Дубинин обескуражено замолк.
– Так-то, Александр Иванович! Не об «адъютанте» думать нынче надо, – Герасимов оглянулся и понизил голос. – Казарина убирать надо! Того, кто исполнителям задание давал. В Москву хоть отправьте срочно – но только так, чтобы найти его можно было в любой момент. Понятно?
– Не маленький! – сварливо отозвался Дубинин, чувствуя, между тем, немалое облегчение от того, что «убирать» Казарина придется не ему.
– По первоначальному плану, ваших «патриотов» должен был шлепнуть мой человек, который в Берлине на поезд с Витте сядет, – продолжал размышлять вслух Герасимов. – Но раз вы ряженому имена назвали, я не исключаю того, что Витте будет предупрежден и примет меры. Кстати, вы уверены, господин Дубровин, что Казарин ни с кем не поделился деталями вашего поручения?
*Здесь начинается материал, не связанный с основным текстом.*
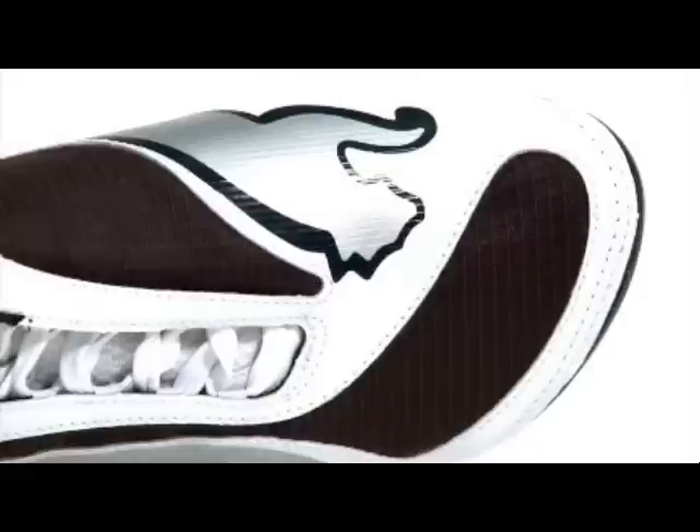The V1.08 lightweight chassis also offers off-centre lacing, which increases the kicking area but still keeping with the glove-like fit.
– Я вообще уже ни в ком и ни в чем не уверен, господин полковник – угрюмо буркнул Дубровин.
⁂
Человеком, которому полковник Герасимов поручил устранение убийц Витте, был вечный студент Борис Юткевич. Вступив в кружок социалистов-революционеров еще в университете, он очень скоро разочаровался в их «излишне мягкой» программе свержения самодержавия, принципиально отвергающий насилие. Поначалу он пытался убедить товарищей-«белоручек», что негоже истинным вершителям судеб России бояться запачкать руки кровью адептов самодержавия. И даже показал пример революционной решительности, ограбив и убив в одиночку ростовщика. Однако принесенная им внушительная денежная добыча его соратников отнюдь не вдохновила. А узнав на следующий день из газет о подробностях ограбления, сопровождаемых жестокими пытками, товарищи устроили над Юткевичем суд чести и с позором изгнали его из своих рядов.
Юткевич, впрочем, не горевал. Прогуливая деньги ростовщика, он достаточно быстро сошелся с настоящими единомышленниками – небольшой, но крайне радикальной революционной группировкой. Ни внятной программы, ни устава у этого полубандитского формирования не было. Был только девиз: «Бей эксплуататоров!».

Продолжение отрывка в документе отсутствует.